Eh? Empathy and the ability to recreate sensory input in one's mind are not the same thing. Edited to add: are we headed for a debate on old-fashioned behaviorism?
How is describing sexual orientation as being the result of "childhood emotional trauma" neutral? Do you feel the same way about heterosexuality? Early-20s, why?
From reading the second of the OPs posts, I got the notion that folk with aphantasia have a problem with memory that doesn't involve logical stuff like letters, numbers, concepts, etc. They can't conjure up feelings or sensations from their past. A blind person (blind from birth) won't have memory of any visual things, but will be able to conjure up smells, sounds, tastes, feelings, sensations from past experiences, and maybe imagine them. So yes, imagination is more than pictures. I found it fascinating what the guy said about music. He can't hear it in his head, and for him there are no earworms.

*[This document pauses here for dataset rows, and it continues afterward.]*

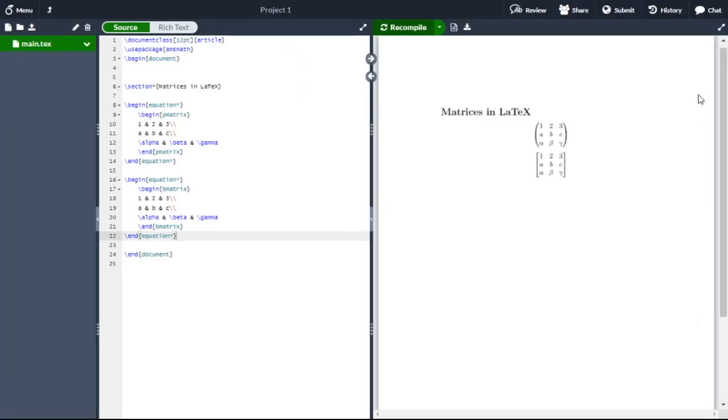This is the representation of matrices in LaTeX. Thank you. See you in the next video.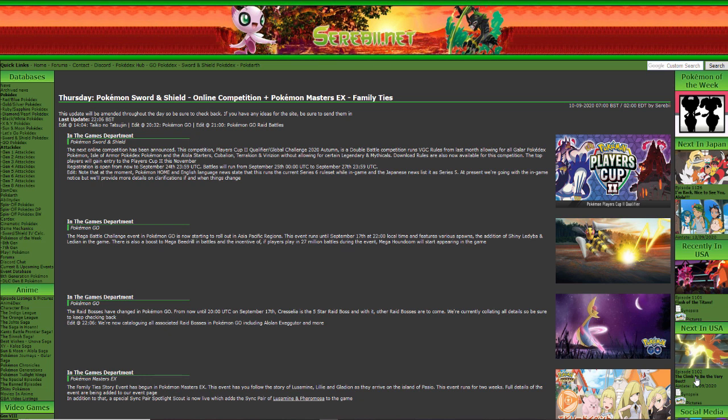What is up boys and welcome back to another brand new video. We have an online competition, I didn't even know this got announced. Big thanks to, I forgot what your username was, someone let me know on Twitter. Hang on, I'll look it up really quick. Okay, it was Ace, Ace Four Star. Thanks Ace for letting me know that there is an online competition.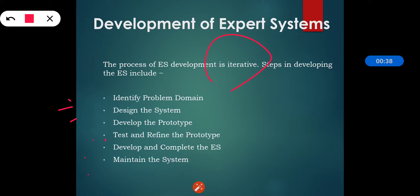Step one is to identify the problem domain. We should identify the problem domain because whatever problem is asked by a particular user should be suitable for that expert system. The problem must be suitable for an expert system to solve it, and we must find the experts in the task domain for the expert system project.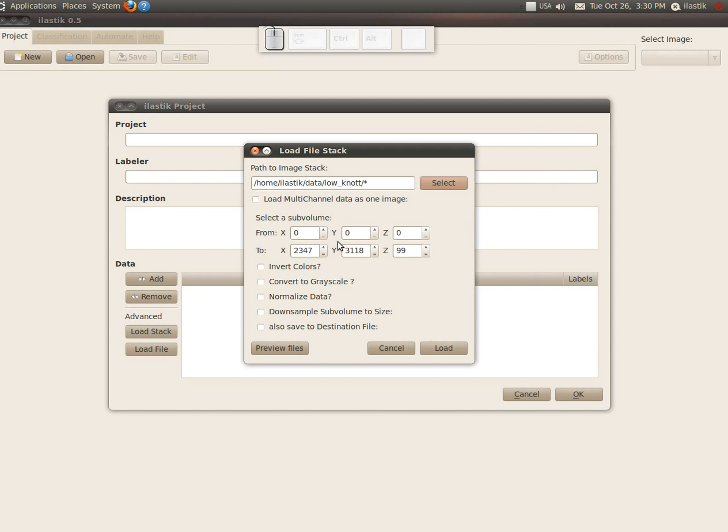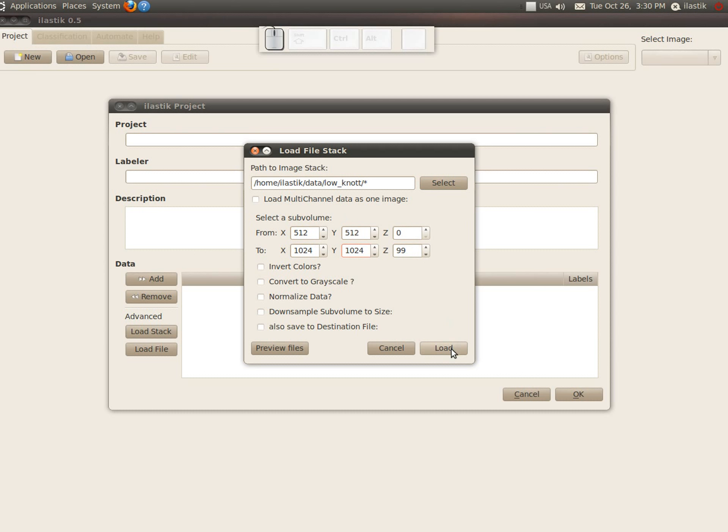Let's not take the whole thing, but just select a smaller subvolume, which you can do with these controls over here. And let's just see what happens if we don't specify any other option.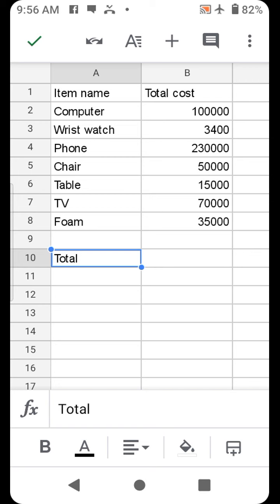Welcome back to my channel. For today, I want to show you how we can perform a simple total cost calculation using Microsoft Excel or Google Sheets.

IT'S THA CHI-CKEN FREAAK! Chicken. Freak. Gorp gorp gorp. You gonna be my Huck...I maen chicken-berrae? I think maliksy is saying she believes there's at at least significant degreee of solipsism in the human condition. When people don't just state things about themselves, I tend to blow off what they say till Big Mind says, 'OY, MAYBE DIS!' I typically don't care for poetry, neither, so...... @Malisky: your posting in the 'peace' thread say otherwise. Jon-ser, jon-ser. Humans tend toward addiction. And mostly, it's detrimental - unless it's for anal - an then they should come a ca-llin..... Ahm, but not those fisting freaks. Fuck. @Simpson17866: Ah noo et. Ya read like a squirt. Goddamn smart, but quite green. I ain't said nothin no way on that about what and how I feel, beau. Take the lesson.
I do see where you're getting that impression, but he did, for example, conjure up the feelings that he first had when he learned that people DO see pictures in their heads. So I agree that he can't conjure up sensations, but it does seem that he can conjure up feelings, in the sense of emotions, and the memory of feelings. And he writes fiction, so he clearly has an imagination. I suspect that I simply can't understand what imagination is like without mental virtual reality. I'm confident that it exists, but I don't think that I can comprehend it.
Yeah, it's very strange, for sure ...at least to those of us who don't seem to experience this state of mind. I had no idea this condition existed. I'll be careful about advising people to imagine scenes in order to write them, etc. Maybe some of them can't.
No, probably not. I can't imagine writing a character whom I don't understand to this extent. My imagination has limits, and I would no doubt do them a disservice.
In instances like this I keep looking off to the side and blinking, which brings to mind the image of Hawkeye.